News ID: 321618
Published: 0343 GMT May 15, 2022

Political, economic stability, Lebanese voters’ priority: Ex-envoy

Political, economic stability, Lebanese voters’ priority: Ex-envoy

Lebanon's long-awaited parliamentary election was held yesterday after several postponements. Political instability and the turbulent economic situation have caused dissatisfaction among the Lebanese. Accordingly, the latest election was doubly important. We talked with Masoud Edrisi, Iran’s former ambassador to Lebanon, to get his thoughts on the crucial vote.

IRAN DAILY: Why is the Lebanese parliamentary election so important?

EDRISI: Lebanon’s political system is centered on its parliament and parliamentary elections. In addition to the legislative monopoly, which is in the hands of parliament, the president and the prime minister are also elected by parliament. Therefore, parliamentary elections in Lebanon have always been sensitive, but the latest one became even more crucial because the economic and political situation has been volatile in the last few years. The national currency has depreciated sharply. The central bank has almost gone belly-up, and international aid has not been given Lebanon for a year or so. All this has caused a great deal of concern and dissatisfaction among the Lebanese and fueled instability in the country.

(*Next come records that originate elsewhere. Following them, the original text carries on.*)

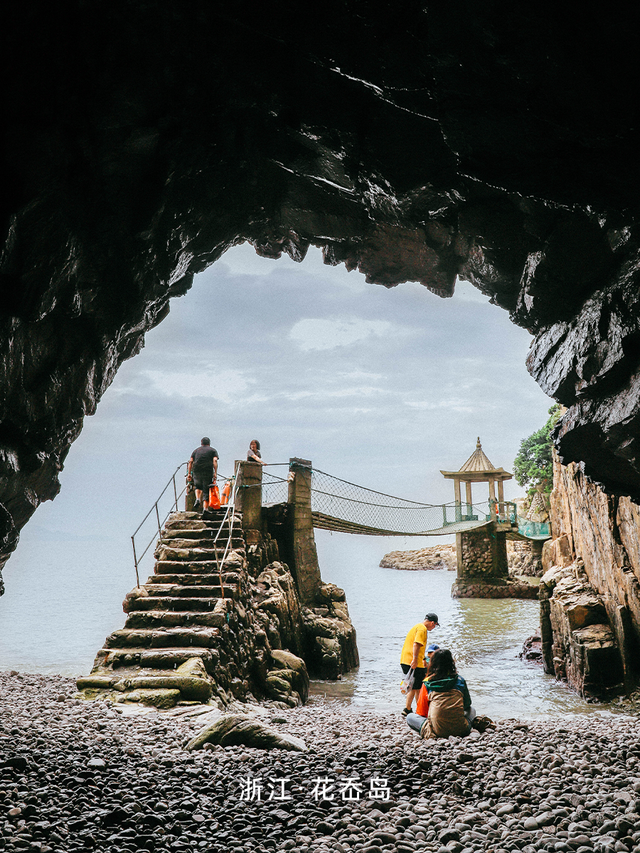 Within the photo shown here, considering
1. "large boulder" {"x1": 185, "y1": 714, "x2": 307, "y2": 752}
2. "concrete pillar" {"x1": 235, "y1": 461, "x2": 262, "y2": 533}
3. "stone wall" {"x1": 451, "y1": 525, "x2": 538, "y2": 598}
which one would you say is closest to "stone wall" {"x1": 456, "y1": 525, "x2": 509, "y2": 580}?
"stone wall" {"x1": 451, "y1": 525, "x2": 538, "y2": 598}

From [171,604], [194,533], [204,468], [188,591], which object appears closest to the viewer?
[171,604]

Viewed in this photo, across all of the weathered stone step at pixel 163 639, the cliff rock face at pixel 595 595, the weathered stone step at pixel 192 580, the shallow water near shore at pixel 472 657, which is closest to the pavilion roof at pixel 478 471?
the shallow water near shore at pixel 472 657

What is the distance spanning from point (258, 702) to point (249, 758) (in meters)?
3.47

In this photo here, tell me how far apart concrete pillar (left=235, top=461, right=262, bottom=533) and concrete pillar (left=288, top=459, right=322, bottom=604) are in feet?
4.48

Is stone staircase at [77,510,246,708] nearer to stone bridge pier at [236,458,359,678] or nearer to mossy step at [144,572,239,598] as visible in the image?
mossy step at [144,572,239,598]

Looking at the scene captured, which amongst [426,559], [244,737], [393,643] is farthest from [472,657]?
[426,559]

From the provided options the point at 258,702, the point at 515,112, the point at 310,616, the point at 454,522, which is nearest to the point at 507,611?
the point at 454,522

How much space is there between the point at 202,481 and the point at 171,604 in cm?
251

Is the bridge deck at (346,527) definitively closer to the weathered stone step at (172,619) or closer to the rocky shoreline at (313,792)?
the weathered stone step at (172,619)

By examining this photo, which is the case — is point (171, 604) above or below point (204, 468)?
below

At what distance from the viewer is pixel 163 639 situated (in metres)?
6.09

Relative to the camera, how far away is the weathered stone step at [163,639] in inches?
239

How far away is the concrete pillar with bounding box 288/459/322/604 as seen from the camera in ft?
35.3

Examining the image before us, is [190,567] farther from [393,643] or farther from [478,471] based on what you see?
Answer: [478,471] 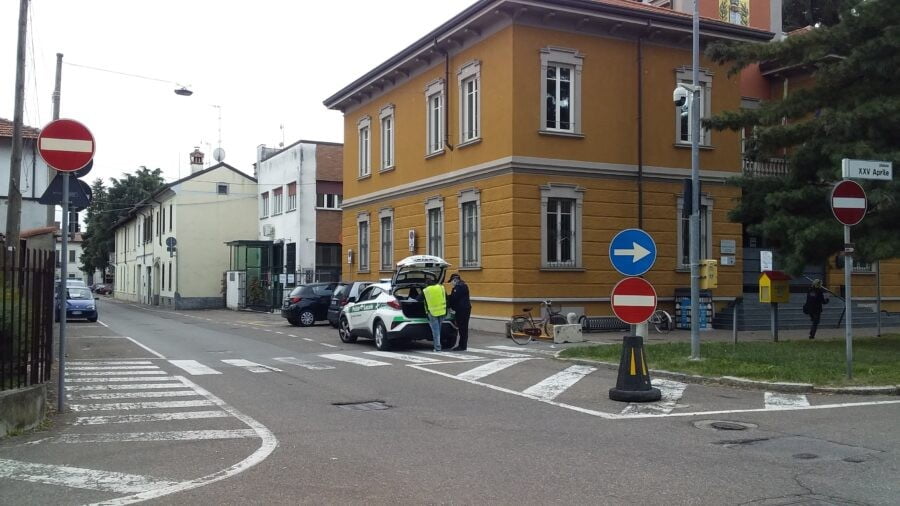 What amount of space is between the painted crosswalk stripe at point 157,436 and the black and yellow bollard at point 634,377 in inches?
196

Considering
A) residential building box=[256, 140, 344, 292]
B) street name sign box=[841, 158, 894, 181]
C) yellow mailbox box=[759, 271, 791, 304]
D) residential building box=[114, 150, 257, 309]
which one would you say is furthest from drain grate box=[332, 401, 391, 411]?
residential building box=[114, 150, 257, 309]

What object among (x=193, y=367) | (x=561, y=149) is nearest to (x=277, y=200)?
(x=561, y=149)

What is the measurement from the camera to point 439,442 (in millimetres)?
7984

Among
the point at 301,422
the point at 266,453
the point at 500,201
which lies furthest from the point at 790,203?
the point at 266,453

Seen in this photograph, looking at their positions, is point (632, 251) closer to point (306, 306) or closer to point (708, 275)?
point (708, 275)

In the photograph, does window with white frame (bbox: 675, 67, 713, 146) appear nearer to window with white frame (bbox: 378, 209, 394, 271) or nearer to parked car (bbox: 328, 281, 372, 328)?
window with white frame (bbox: 378, 209, 394, 271)

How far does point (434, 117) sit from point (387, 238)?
5753 mm

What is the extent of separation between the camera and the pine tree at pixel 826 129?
16.0m

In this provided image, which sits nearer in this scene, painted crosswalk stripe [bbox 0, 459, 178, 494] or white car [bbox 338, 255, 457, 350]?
painted crosswalk stripe [bbox 0, 459, 178, 494]

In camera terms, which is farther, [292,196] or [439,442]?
[292,196]

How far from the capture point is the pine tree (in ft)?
52.4

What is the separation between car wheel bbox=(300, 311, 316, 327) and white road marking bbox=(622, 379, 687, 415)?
55.4 feet

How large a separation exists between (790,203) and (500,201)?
26.3ft

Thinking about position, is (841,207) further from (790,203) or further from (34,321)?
(34,321) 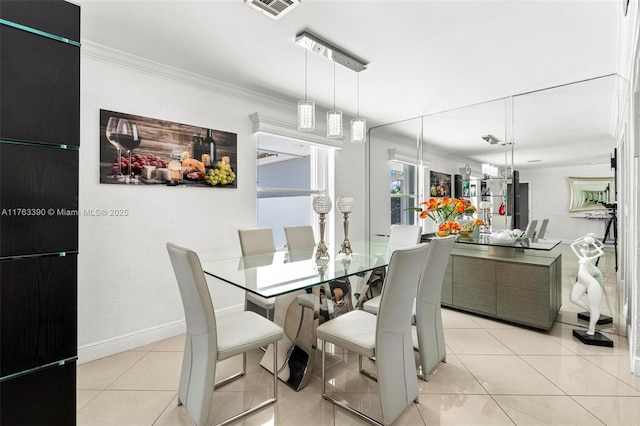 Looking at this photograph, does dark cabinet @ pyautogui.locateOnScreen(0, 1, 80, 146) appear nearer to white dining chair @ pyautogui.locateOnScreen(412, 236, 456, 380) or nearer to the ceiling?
the ceiling

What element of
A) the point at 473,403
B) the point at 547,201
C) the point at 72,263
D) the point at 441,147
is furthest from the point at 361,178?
the point at 72,263

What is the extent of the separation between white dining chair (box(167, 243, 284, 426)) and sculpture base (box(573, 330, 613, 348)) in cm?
265

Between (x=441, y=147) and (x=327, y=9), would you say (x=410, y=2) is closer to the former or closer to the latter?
(x=327, y=9)

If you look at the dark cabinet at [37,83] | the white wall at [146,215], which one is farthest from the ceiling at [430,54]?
the dark cabinet at [37,83]

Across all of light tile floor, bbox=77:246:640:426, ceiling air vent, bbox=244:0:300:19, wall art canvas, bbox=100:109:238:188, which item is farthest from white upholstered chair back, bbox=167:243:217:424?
ceiling air vent, bbox=244:0:300:19

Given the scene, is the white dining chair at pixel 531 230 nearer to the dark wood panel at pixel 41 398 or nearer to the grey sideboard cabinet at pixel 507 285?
the grey sideboard cabinet at pixel 507 285

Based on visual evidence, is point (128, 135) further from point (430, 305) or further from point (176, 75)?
point (430, 305)

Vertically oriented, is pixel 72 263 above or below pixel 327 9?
below

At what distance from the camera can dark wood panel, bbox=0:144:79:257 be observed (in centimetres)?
94

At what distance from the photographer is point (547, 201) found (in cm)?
337

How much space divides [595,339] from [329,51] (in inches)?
126

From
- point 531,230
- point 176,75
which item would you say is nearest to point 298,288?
point 176,75

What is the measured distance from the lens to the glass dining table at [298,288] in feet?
6.22

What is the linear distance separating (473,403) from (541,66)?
2.77 m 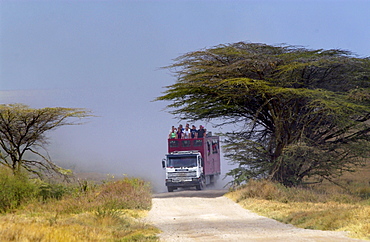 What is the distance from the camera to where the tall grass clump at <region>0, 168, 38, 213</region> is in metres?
24.3

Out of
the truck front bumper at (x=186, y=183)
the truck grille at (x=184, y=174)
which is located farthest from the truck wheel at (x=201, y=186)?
the truck grille at (x=184, y=174)

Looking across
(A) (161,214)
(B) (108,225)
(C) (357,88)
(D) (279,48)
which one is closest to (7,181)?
(A) (161,214)

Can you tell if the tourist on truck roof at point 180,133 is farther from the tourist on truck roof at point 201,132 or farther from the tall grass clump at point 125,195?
the tall grass clump at point 125,195

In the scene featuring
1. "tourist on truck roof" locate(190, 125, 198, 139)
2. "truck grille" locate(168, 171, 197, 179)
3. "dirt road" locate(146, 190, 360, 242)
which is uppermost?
"tourist on truck roof" locate(190, 125, 198, 139)

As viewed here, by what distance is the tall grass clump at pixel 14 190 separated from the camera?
2431 centimetres

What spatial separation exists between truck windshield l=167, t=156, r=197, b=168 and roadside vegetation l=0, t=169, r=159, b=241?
7.54m

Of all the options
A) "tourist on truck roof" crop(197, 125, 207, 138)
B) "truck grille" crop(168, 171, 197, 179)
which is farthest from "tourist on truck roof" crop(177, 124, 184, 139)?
"truck grille" crop(168, 171, 197, 179)

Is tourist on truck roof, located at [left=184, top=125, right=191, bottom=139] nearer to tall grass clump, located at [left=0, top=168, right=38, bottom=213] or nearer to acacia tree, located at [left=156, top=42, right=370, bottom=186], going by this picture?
acacia tree, located at [left=156, top=42, right=370, bottom=186]

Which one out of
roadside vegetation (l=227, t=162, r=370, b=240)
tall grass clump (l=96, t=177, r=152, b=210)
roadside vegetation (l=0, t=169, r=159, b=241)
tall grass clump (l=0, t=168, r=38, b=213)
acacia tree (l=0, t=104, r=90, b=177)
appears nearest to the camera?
roadside vegetation (l=0, t=169, r=159, b=241)

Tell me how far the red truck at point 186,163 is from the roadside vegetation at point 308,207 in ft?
26.5

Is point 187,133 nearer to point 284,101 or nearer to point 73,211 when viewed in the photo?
point 284,101

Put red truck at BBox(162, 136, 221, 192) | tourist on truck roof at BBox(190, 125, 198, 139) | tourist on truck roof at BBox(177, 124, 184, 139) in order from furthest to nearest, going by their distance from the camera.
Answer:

Now, various parties were trying to secure as many seats as possible in parliament so that they could implement their own plans and strategies in order to bring the country out of the crisis. Accordingly, political parties opposed to Hezbollah were as active as before and spent a lot of money to defeat it. Their main slogan, as in the past, was to disarm the resistance movement, claiming calm would not be restored to Lebanon as long as Hezbollah possessed weapons. They also took advantage of the people’s dissatisfaction with the unfavorable economic situation and political instability and, in fact, portrayed the Hezbollah as one of the causes of this political instability.

On the other hand, the resistance movements, which include Hezbollah, Amal Party, and the March 8 Alliance, were also actively involved in this election and sought to form a unified and cohesive government that could firmly overcome the current problems and bring back political and economic order and stability. The resistance was trying to gain more seats in order to have the upper hand in forming a government.

 

In the days leading up to the election there were concerns about a low turnout. Why did this reluctance arise among the Lebanese and who will benefit from a low turnout?

Naturally, the political events of the past few years have left some Lebanese people worried, dissatisfied and perhaps disappointed. In particular, the dire economic situation and the resignation of Saad Hariri from the Future Movement Party left Sunnis skeptical about turning out in the election. In the last weeks, the mufti of the country tried hard to encourage the people, especially the Sunnis, to participate in the election because they knew that a low voter turnout by the Sunnis would be in the interest of their rival, namely, the Hezbollah. Therefore, they tried to push a higher turnout in the last days. On the other hand, in the run up to the election, Hezbollah and the resistance movement, specifically Sayyed Hassan Nasrallah, encouraged the people to participate in the election.

 

Has this economic instability persuaded the countries influential in Lebanon to support the formation of a unified government, or do you think that the destructive intervention of certain countries will continue after the election?

The intervention of some foreign countries in Lebanon is aimed at removing Hezbollah from political power, or reducing its power. However, it seems that Hezbollah has now presented itself as a reality in a way that even domestic and foreign currents have accepted it in the Lebanese political spectrum, and they must come to terms with this reality. On the other hand, Lebanon’s stability is important for all the countries influential in Lebanon, including France, the United States, Saudi Arabia and Iran, because if Lebanon is destabilized, or civil war breaks out, it would be dangerous for the Lebanese people, these influential countries and the whole region. I think everyone has come to a conclusion that Lebanon must be stable, and that stability comes out of the ballot box. The people’s vote can be decisive, no matter which party they tend to. And foreign governments have no choice but to accept a Lebanon with a stable government.